12. Clematis (Ranunculaceae)

A Clematis plant with beautiful pink flowers.

Widely known for its vibrant purple blooms, the clematis is a gorgeous climbing houseplant that thrives outdoors. Plant it near a fence or trellis, and watch it climb and grow new blooms throughout the summer. By its third year, the clematis should produce an abundance of vines and flowers all season long. Some species of clematis bloom through September.

  • Sun needs: Keep this stunning plant in full sun, although certain species prefer partial shade. Read the label carefully to determine which type you have, and plant it accordingly.
  • Water: Clematis prefer a moist environment, so make sure you water your plant regularly. Add some mulch around the base of your clematis to help retain moisture in the soil.
  • Why this plant is a good fit: Not all clematis plants bloom with purple flowers. Some grow beautiful blooms of light pink or white, making them a colorful addition to your garden.

13. Chinese Money Plant (Pilea peperomioides)
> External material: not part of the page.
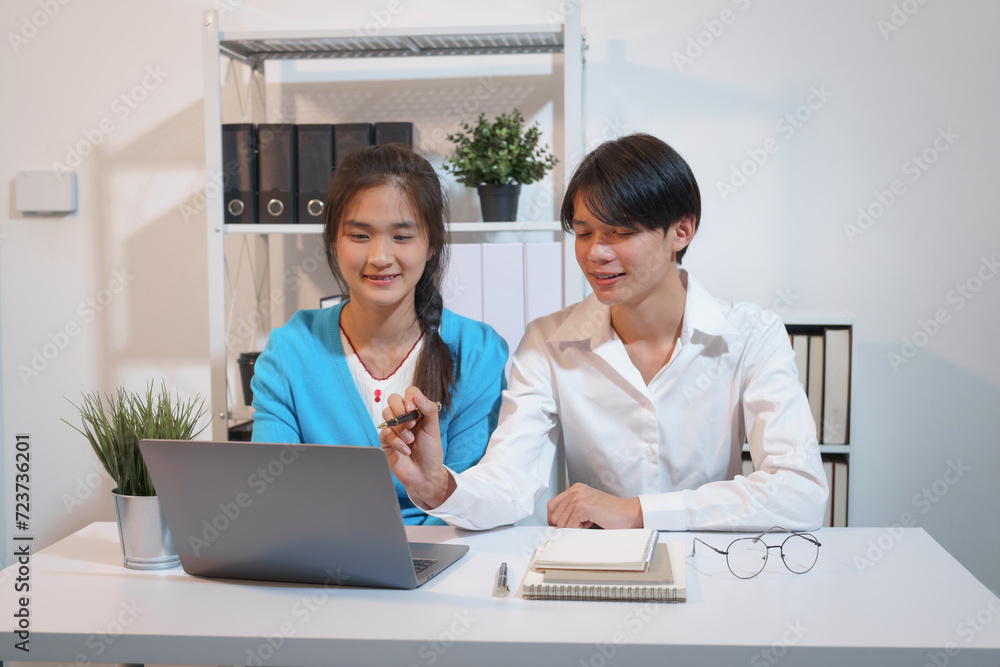 An Asian male consultant and an African American female intern sit at a table with laptops doing paperwork together to discuss a project's financial reports. Company business collaboration concept An Asian male consultant and an African American female intern sit at a table with laptops doing paperwork together to discuss a project's financial reports. Company business collaboration concept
A Chinese Money Plant in an orange pot on table.

The Chinese money plant – often called the pancake plant, is well-known for its round, charming, pancake-like leaves. When staked or placed near a trellis for support, this unique dark-green houseplant will climb upward like a vine. Its thin, round leaves make it a fun accent plant for any part of the home.
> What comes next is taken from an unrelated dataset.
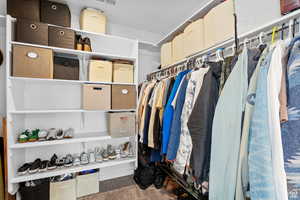 Walk in closet with visible vents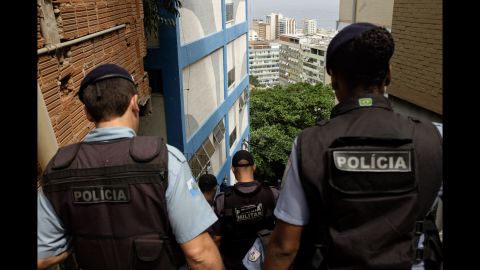 A Police Pacification Unit monitors the Cantagalo favela. Launched in 2008, the "pacification" program has been put in place in nearly 40 favelas and has received mixed reviews. It was designed to limit the reach of armed drug gangs by installing permanent police posts within the favelas where they typically operated.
  • Sun needs: The pilea likes to be in bright, indirect light. If it is placed in direct sun, it could burn the leaves. Rotate the plant a few times a week to keep it upright, since it likes to grow toward the sun.
  • Water: It’s time to water your Chinese money plant when approximately 75% of the top of the soil is dry. Add enough water until it flows through the drainage holes in your pot, then discard any water left in the saucer.
  • Why this plant is a good fit: This climbing houseplant is a fast grower, easy to care for, and adds a fun, unique piece of greenery to a home or office space.
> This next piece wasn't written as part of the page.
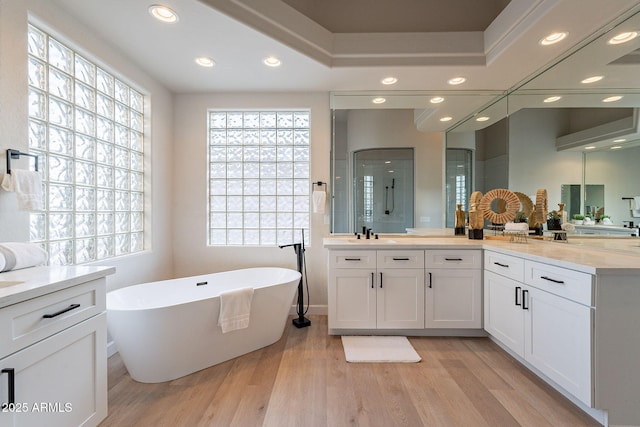 bathroom with hardwood / wood-style floors, vanity, and independent shower and bath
14. String of Hearts (Ceropegia woodii)

A String of Hearts plant in a white pot.

The string of hearts is a vining succulent with variegated, heart-shaped leaves featuring beautiful silver markings with cream, pink, and green. This unique succulent also has vibrant purple stems that get to a length of between three and nine feet long. Hang it in a basket and enjoy its cascading vines that come down like a beautiful waterfall.

  • Sun needs: Keep the string of hearts in a sunny area that doesn’t get too much direct light. If the plant is in direct sun, it may cause the leaves to dry out or stunt its growth. You can take it outside for three to four hours every day to give it some indirect sunlight and afternoon shade.
  • Water: Soak the plant in the spring and summer when the top two to three inches of soil are completely dry. The string of hearts goes dormant in the winter, so you should only water it once every few weeks during this time of year.
  • Why this plant is a good fit: The long, purple vines and colorful leaves make this trailing, climbing houseplant a gorgeous addition to an indoor garden, sunroom, or office area.

15. Monstera (Monstera adansonii)

A Monstera plant in a white pot.

The monstera has easily become one of the most popular climbing houseplants as of late. This tropical plant is native to Central America. Holes that naturally form in the leaves have given it the nickname “the Swiss cheese plant.” The gorgeous, dark green leaves lend a tropical vibe to your home and will transform your space into a lush, island-like oasis.

  • Sun needs: The monstera does best in bright to medium indirect light, although it may acclimate to handle more frequent direct light if it’s introduced to it slowly.
  • Water: Water your monstera with room-temperature water every one to two weeks, allowing the soil to dry out in-between waterings.
  • Why this plant is a good fit: This gorgeous tropical plant grows upward and creates a luscious element for a home or office.